• Task objective:
Start at the line in the entries below that contains "sardines for sale", stop at the line that contains "Khi việc minh", and output exactly the lines in that span, both ends included.

• Data to process:
:::::

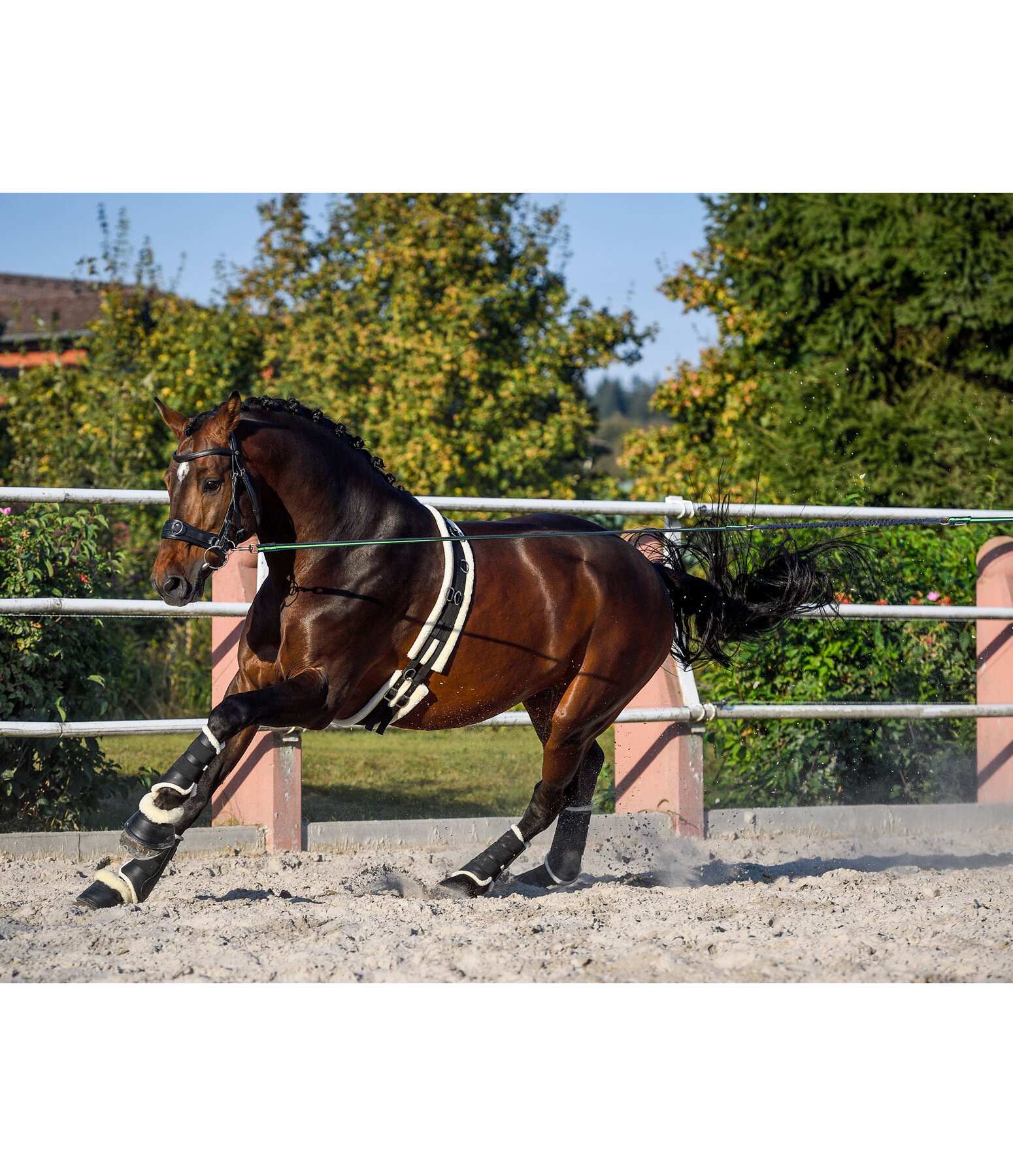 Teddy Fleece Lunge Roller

:::::

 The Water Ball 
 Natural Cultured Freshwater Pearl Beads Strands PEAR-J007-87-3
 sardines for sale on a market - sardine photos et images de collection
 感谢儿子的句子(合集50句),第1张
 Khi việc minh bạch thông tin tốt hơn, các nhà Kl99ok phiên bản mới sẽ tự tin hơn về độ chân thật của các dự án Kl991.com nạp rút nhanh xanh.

:::::

• Exercise response:
 sardines for sale on a market - sardine photos et images de collection
 感谢儿子的句子(合集50句),第1张
 Khi việc minh bạch thông tin tốt hơn, các nhà Kl99ok phiên bản mới sẽ tự tin hơn về độ chân thật của các dự án Kl991.com nạp rút nhanh xanh.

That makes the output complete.